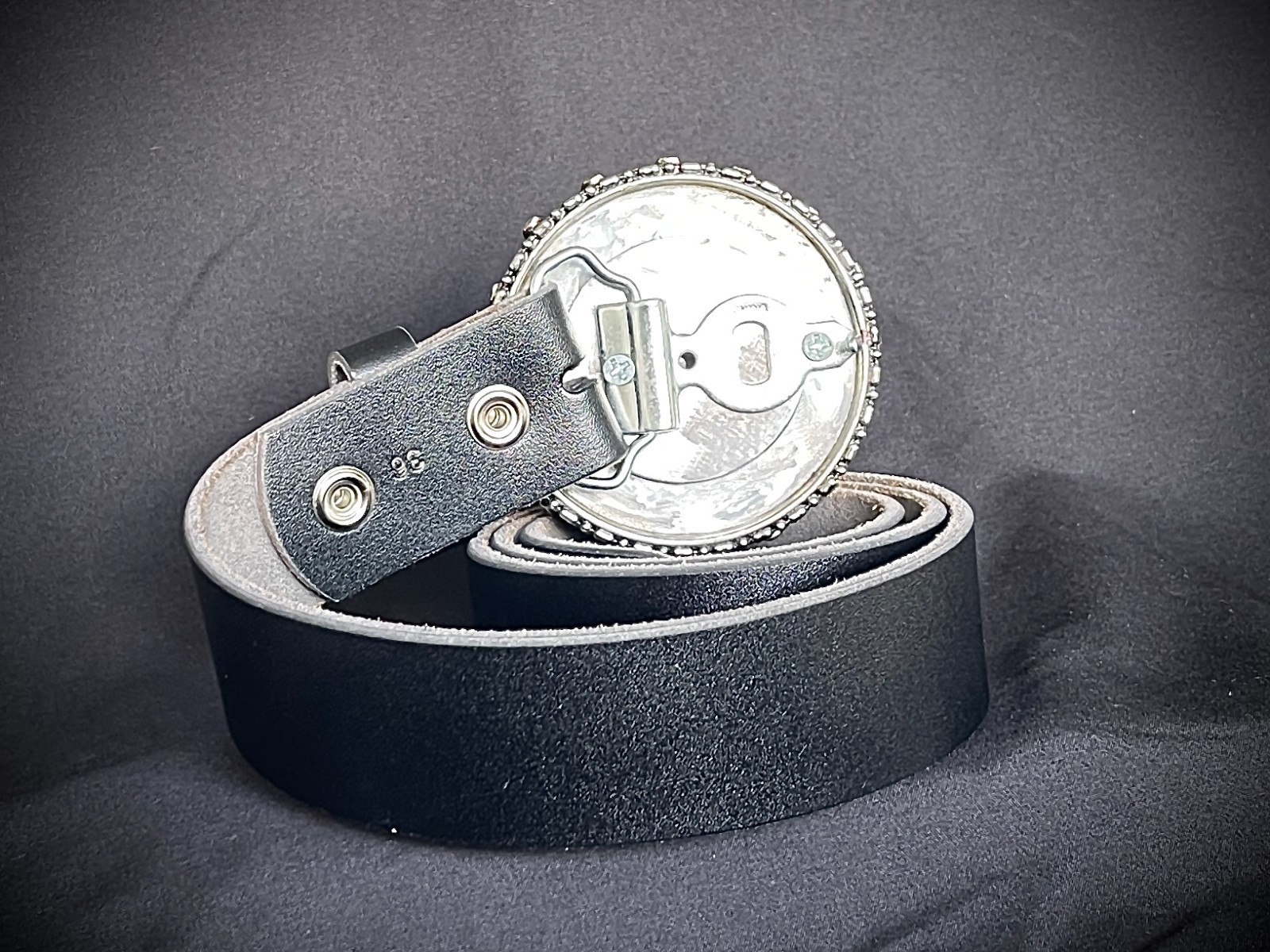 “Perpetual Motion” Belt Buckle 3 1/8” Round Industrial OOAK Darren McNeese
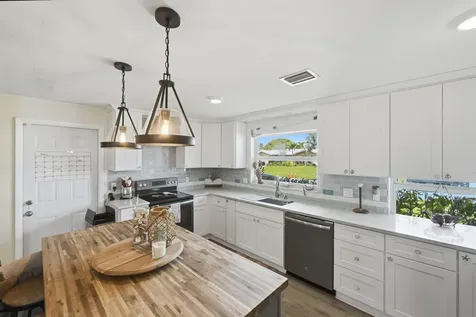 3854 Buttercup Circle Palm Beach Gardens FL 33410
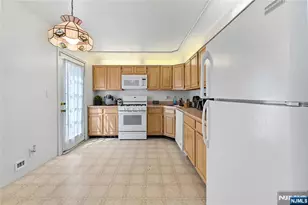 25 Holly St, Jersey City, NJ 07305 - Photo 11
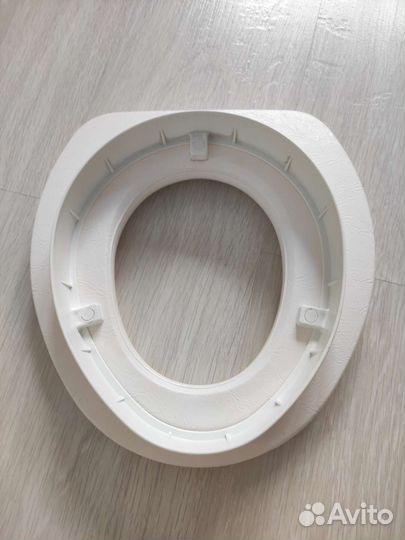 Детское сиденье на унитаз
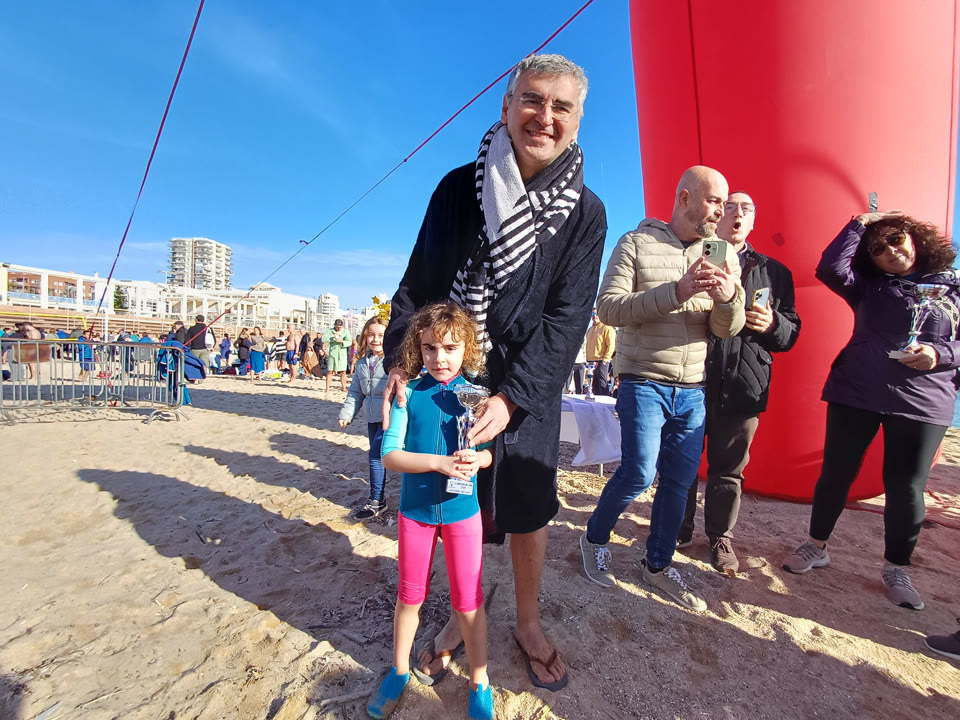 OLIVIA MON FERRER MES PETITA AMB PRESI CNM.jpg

* What needs to be done: Output the line containing "25 Holly St, Jersey" and each line after it, through the end of the material, exactly as given. No pictures belong in the output.

* Answer to this task:
 25 Holly St, Jersey City, NJ 07305 - Photo 11
 Детское сиденье на унитаз
 OLIVIA MON FERRER MES PETITA AMB PRESI CNM.jpg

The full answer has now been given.